El fin de la Guerra Fría y el auge de la ideología de mercado trajeron una estupenda confusión política a nuestra región. Los principales actores antagónicos pasaron de la descalificación mutua a la mutua seducción. Hoy tenemos a viejos socialistas instalados en las grandes empresas y a jóvenes conservadores haciendo campaña en las poblaciones populares. Parecen decirnos que, salvo las encuestas, todo es ilusión.
Eric Hobsbawm ya había advertido que, en esta nueva época, “los individuos perdieron sus cartas de navegación”. De ahí vendría (sospecho) el “todo vale” de una nueva clase política. Nueva, no por más culta y tecnificada –falta que le hace-, sino por más corporativista. Porque sus miembros barruntan que el peligro no está, ya, en la victoria del otro, sino en la ecuánime pérdida de sus privilegios. Si las encuestas tuvieran fuerza ejecutiva, ellos tendrían que buscarse una chamba de verdad.
Sería ¡válgame Orwell! una crisis de nuevo tipo de la representación democrática, que termina con el juego electoral de suma variable. En la Argentina del 2000 se vivió un anticipo, con el lema “que se vayan todos”. En Chile, con un set de partidos de larga tradición, ninguno se salva de la baja en la estima nacional. Ante cualquier metida de pata (o de manos) todos pierden, sean de gobierno o de oposición.

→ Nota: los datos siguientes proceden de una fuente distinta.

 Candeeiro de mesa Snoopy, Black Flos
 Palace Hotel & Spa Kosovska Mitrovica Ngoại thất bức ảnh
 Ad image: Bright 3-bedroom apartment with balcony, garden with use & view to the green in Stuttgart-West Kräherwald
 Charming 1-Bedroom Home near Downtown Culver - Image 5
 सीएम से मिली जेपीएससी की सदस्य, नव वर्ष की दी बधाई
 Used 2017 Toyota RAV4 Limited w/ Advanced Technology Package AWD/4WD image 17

En Venezuela, ya tenemos un Presidente casi vitalicio, de estirpe castrense y sin oposición formal. En países como el Perú, el fenómeno sigue apuntando a los outsiders. La merma en la popularidad de los políticos del escenario, es un bien capitalizable para los afuerinoa..
Por eso, el logo “izquierdista” de la mayoría de los gobiernos de la región no asusta a George W.Bush y ni siquiera asegura una demagogia común.

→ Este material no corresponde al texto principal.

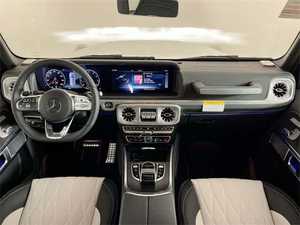 G-Class G 550 4MATIC SUV d'occasion 2022-2024, sièges en cuir R18, intérieur foncé, automatique, caméra arrière gauche, toit ouvrant - Product Image 6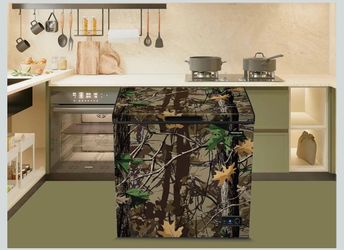 Frigidaire Chest Deep Freezer, 7 Cu. Ft. Capacity, CAMO Design-Adjustable Thermostat-Removable Vinyl Coated Wire Basket-Easy Defrost Drain- Garage Rea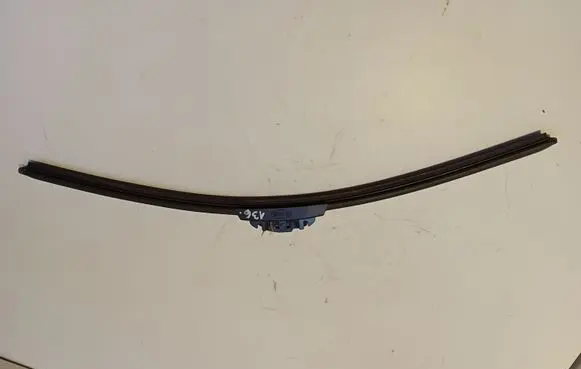 Audi A4 S4 B5 8D Windshield/front glass wiper blade 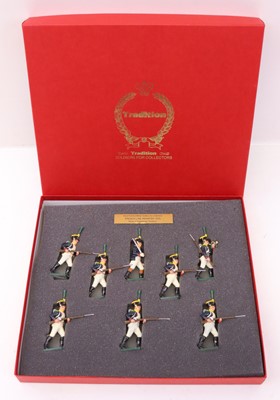 Lot 323 - A Traditions Soldiers of London set no. 725...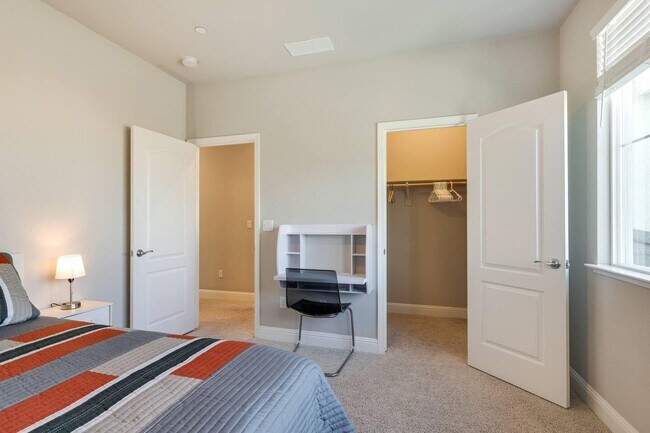 Building Photo - 2606 Petal Way
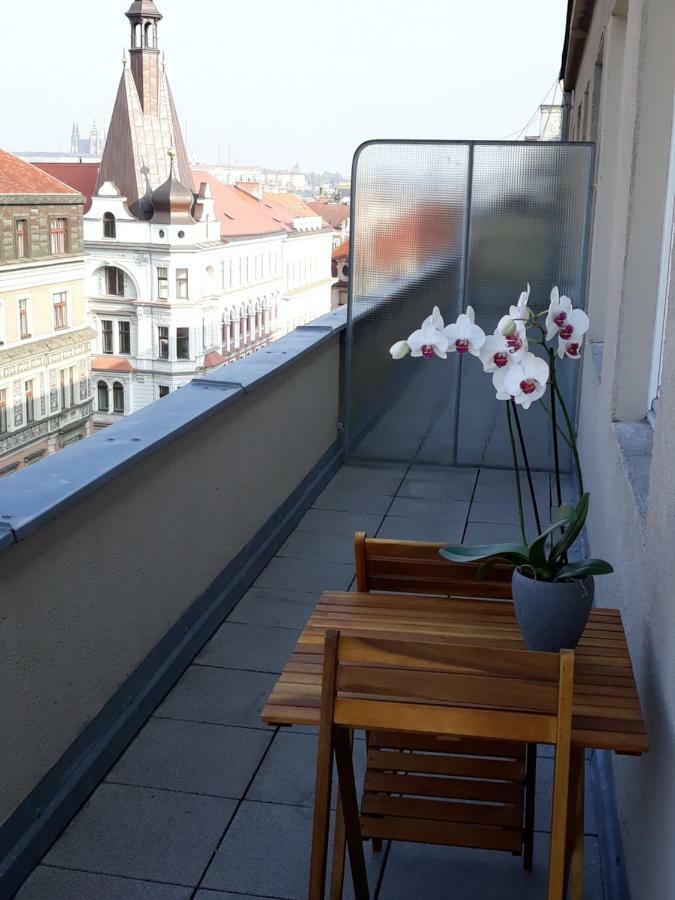 Cool Studio Apartment Prague Exterior photo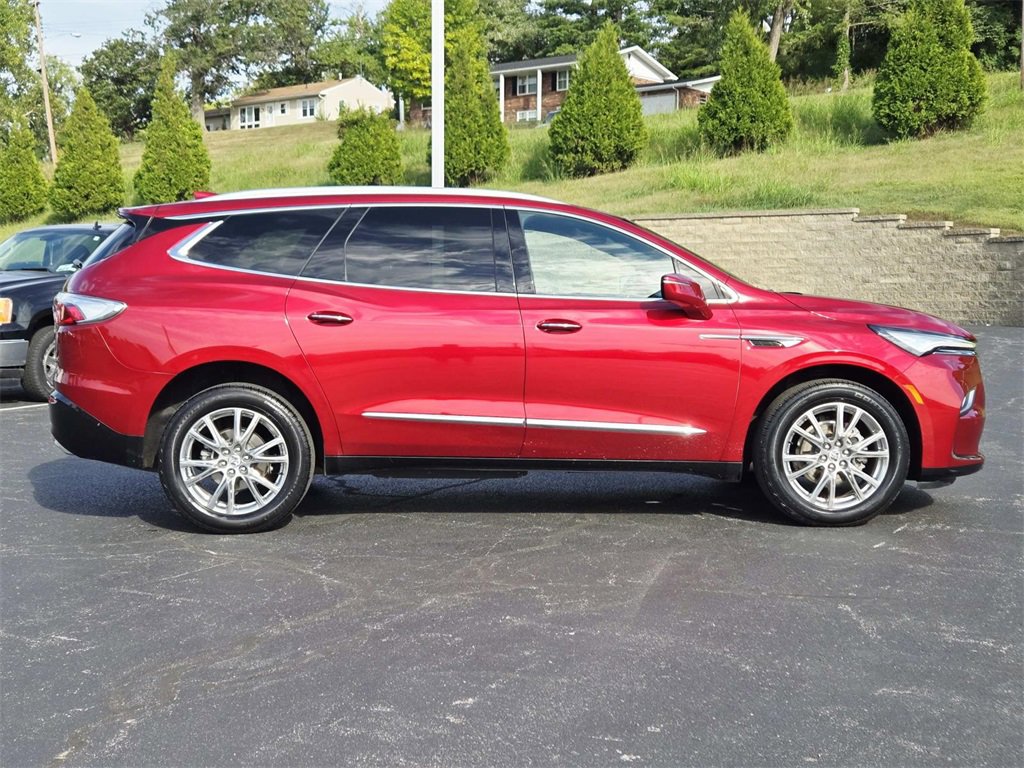 Used 2023 Buick Enclave Essence w/ Experience Buick Package image 2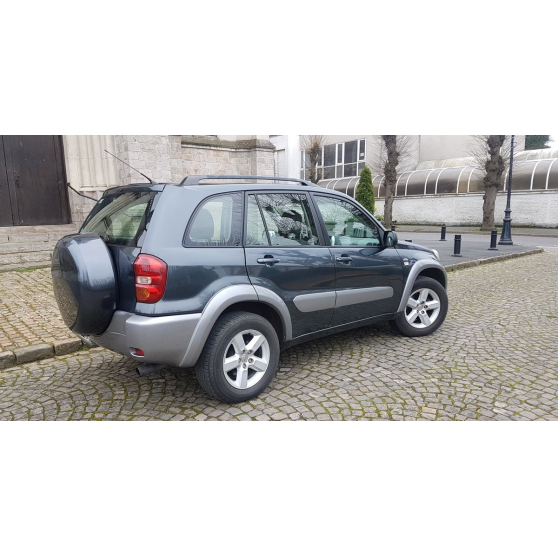 Annonce occasion, vente ou achat 'TOYOTA RAV4 4X4 2005 2L D4D 116Cv CAMERA'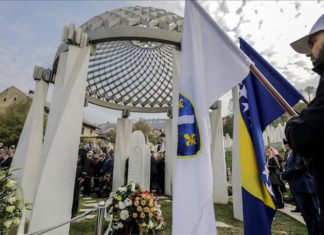 САРАЕВО: Oдбележана 15-годишнината од смртта на Алија Изетбеговиќ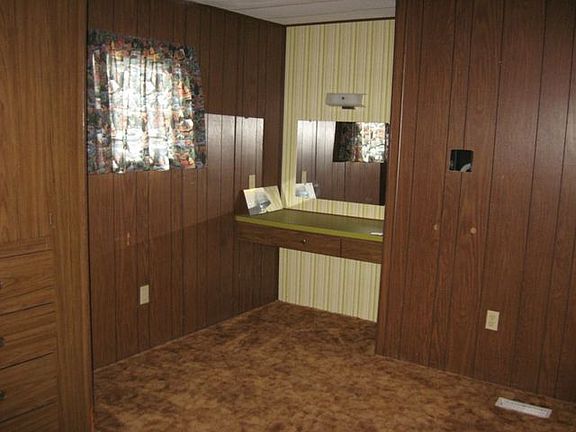 5th image of 1217 Lakeview Cv
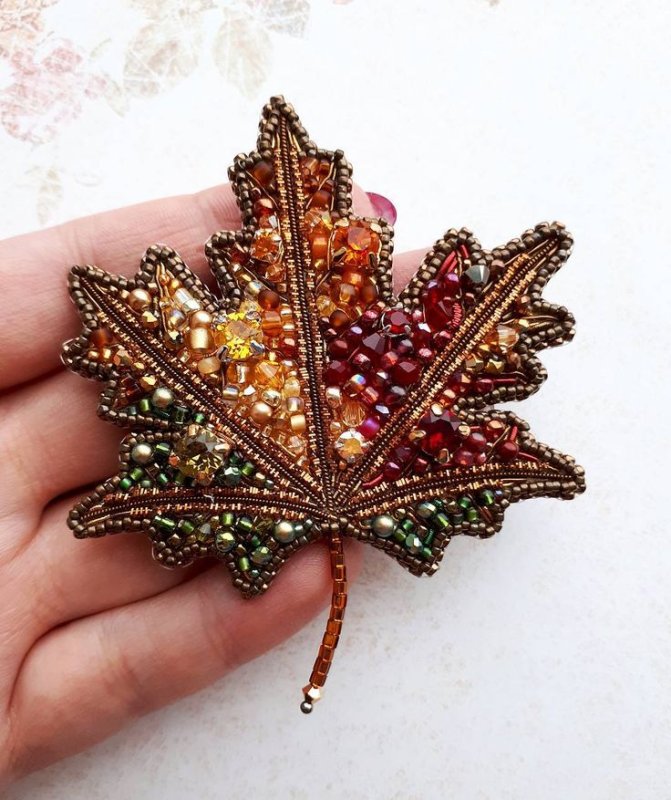 Брошь из бисера листочек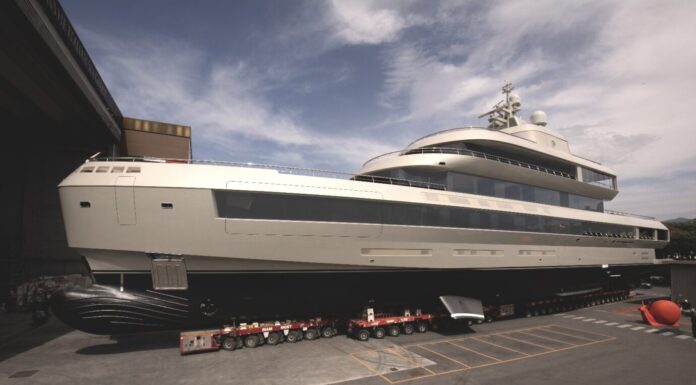 SE LANZA EL MEGAYATE ADMIRAL ARMANI DE 72 METROS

Hay más posibilidades realistas de alineamiento entre el liberalderechista Alvaro Uribe, el sindicalista Lula, el aprista Alan García y los socialistas Michelle Bachelet y Tabaré Vásquez, que entre éstos y los socialistas del siglo XXI, con su eje Chávez-Morales-Correa-Ortega (y tal vez los Kirchner).
Para efectos de la integración regional, la homogeneidad del logo no ha sido mejor que la confrontación ideológica de los ‘60, cuando Fidel Castro nos requintaba: “Primero revolución, después integración”. Por eso, a nadie se le ocurre que este travestismo pueda ser una oportunidad. Nadie sueña secuencias en las cuales Lula asume el liderazgo que corresponde a Brasil, mientras Chávez, en vez de invertir en ejes ideológicos, invierte en ejes de conectividad.

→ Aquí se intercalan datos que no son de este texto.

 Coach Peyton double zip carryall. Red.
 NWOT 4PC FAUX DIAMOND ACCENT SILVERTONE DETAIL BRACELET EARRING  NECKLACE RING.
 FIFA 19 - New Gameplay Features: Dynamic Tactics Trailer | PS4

O secuencias que muestren al matrimonio Kirchner asumiendo la importancia de una política exterior para Argentina. O a Morales, aprovechando su representatividad étnica para relativizar su concepto de “soberanía” y así dialogar mejor con Bachelet y García (el pueblo aymara, tan trinacional como ajeno a la guerra de nuestros antepasados, quizás entiende que rehacer los mapas no es cuestión de buena o mala voluntad).
Es que, desgraciadamente, el pragmatismo eficiente no tiene base en nuestra historia. Nuestros integracionistas padres de la patria murieron exiliados o aplastados por sus patriotas internos. En vísperas del bicentenario de sus glorias, seguimos sufriendo a esos nacionalistas, en versiones que hoy incluyen desde gamonales pensionados hasta stalinianos marginales. Amarraditos, siguen jugando al perro del hortelano: no desarrollan sus países ni permiten que se desarrollen como región o sub-región.
Ernest Renan decía, irónico, que “para ser una nación hay que interpretar la historia de un modo equivocado”. Si lo históricamente nuestro es el nacionalismo taimado, conformémonos, a lo más, con un subdesarrollo exitoso.
Publicado en La Republica el 11.09.07.